A few years back, I joined the Veterans Health Administration because they – like Kaiser and Group Health – were leading the way with personal health records (PHRs). As the VA ramped up their PHR, My HealtheVet, they were also winding down piloting of their 1st PHR prototype. Tested at 9 VA facilities, over 7,000 VA patients had access to most info in their chart: notes, discharge summaries, all test and imaging reports – pretty much the whole enchilada.
My boss and mentor, Paul Nichol, an internist at the Seattle VA and VHA Director of Medical Informatics, said, “We should study what patients think about reading clinical notes and seeing their full record.” also mentioning, “We have to take this national. All patients need this.” I’m a researcher and don’t shy away from evaluation. Yet my first reaction was, Why? I don’t have a problem with patients seeing test results, but I really don’t want to share notes that I write…

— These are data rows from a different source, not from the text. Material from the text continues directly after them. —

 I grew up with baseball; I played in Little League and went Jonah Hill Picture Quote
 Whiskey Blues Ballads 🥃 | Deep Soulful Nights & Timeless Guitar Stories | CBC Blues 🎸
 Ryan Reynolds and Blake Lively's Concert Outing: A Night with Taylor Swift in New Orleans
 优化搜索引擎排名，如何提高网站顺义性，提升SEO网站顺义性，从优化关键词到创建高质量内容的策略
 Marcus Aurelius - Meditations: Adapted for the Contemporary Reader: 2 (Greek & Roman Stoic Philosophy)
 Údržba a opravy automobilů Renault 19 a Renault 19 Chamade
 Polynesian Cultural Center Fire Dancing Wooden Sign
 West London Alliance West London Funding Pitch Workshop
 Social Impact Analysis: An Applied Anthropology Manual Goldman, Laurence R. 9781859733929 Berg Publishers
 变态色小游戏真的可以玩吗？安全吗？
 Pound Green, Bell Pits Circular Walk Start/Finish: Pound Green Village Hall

So I went to the literature to see what’s already known. There were some studies – not a lot – but enough to support the idea that opening notes had great value to patients and families. And plenty of evidence about push-back from doctors and clinicians. Guess I wasn’t alone.
The My HealtheVet Pilot was going off-line soon, and there wasn’t time to write a grant and get funding for a big study. So I solicited help from Nancy Press, an anthropologist at Oregon Health Science University, and recruited Portland VA patients who downloaded their records using the Pilot PHR. We developed questions for focus groups, such as ‘What did you look at? How did it help you? Were you confused? Harmed? How did that affect your clinic visits and relationship with your providers?’ We got great feedback from James Ralston, a well-known eHealth researcher at Group Health. I was lucky to have 2 qualitative researchers, Erin Schwartz and Anais Tuepker, join us to analyze the transcripts.

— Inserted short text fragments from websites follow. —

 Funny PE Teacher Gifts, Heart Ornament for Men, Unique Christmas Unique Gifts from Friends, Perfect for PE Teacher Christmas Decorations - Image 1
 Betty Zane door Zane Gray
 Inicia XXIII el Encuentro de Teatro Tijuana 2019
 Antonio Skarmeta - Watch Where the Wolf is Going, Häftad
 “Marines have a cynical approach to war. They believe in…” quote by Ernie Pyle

Here’s what the 1st focus group participants said: It was great to see notes. It was a communication tool. It helped remember things. It gave more insight into health issues. Some information in notes was surprising at first, but it was better to have it all, then to have part of it or none of it. Some of it was confusing, but they just Googled it. Some talked to their provider about notes, most didn’t. When asked (many times) if they experienced harm seeing their record, the answer was the same. NO.
After 1 focus group, my views became unsteady. After 2, they changed. After 5, they were upside down.
I was so moved by what I heard about patient and family caregiver experiences, I decided to start a blog. Not just about Open Notes, but about shared information, shared communication, shared decision-making and participatory care. Shared Health Data was born.
The research paper on VA patient experiences with full access to health record data and clinical notes
comes out this week just came out in the Journal of Medical Internet Research. I’ll summarize our findings in Part II.